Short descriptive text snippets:
====

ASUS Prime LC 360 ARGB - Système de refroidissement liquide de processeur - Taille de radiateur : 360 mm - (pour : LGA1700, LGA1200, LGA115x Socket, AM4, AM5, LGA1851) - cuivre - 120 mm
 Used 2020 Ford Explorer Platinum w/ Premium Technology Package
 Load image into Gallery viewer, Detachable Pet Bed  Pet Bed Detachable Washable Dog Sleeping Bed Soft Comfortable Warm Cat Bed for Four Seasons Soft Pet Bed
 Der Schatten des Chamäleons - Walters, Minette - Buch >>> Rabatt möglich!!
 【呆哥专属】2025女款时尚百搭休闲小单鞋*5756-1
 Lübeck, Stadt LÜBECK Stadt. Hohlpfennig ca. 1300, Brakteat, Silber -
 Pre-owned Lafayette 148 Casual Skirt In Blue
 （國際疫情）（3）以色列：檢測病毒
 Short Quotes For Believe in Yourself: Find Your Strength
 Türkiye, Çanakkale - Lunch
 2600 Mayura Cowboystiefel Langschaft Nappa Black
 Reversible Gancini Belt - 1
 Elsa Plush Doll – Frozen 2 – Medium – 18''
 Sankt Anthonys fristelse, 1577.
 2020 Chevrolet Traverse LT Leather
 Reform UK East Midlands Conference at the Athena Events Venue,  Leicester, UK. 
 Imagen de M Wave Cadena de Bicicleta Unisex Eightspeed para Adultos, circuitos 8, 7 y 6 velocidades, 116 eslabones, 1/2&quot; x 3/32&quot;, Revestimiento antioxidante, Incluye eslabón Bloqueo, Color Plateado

====

Write out again, exactly, the line containing "Short Quotes For" and every later line of the records. Omit the rest.

Exercise answer.
 Short Quotes For Believe in Yourself: Find Your Strength
 Türkiye, Çanakkale - Lunch
 2600 Mayura Cowboystiefel Langschaft Nappa Black
 Reversible Gancini Belt - 1
 Elsa Plush Doll – Frozen 2 – Medium – 18''
 Sankt Anthonys fristelse, 1577.
 2020 Chevrolet Traverse LT Leather
 Reform UK East Midlands Conference at the Athena Events Venue,  Leicester, UK. 
 Imagen de M Wave Cadena de Bicicleta Unisex Eightspeed para Adultos, circuitos 8, 7 y 6 velocidades, 116 eslabones, 1/2&quot; x 3/32&quot;, Revestimiento antioxidante, Incluye eslabón Bloqueo, Color Plateado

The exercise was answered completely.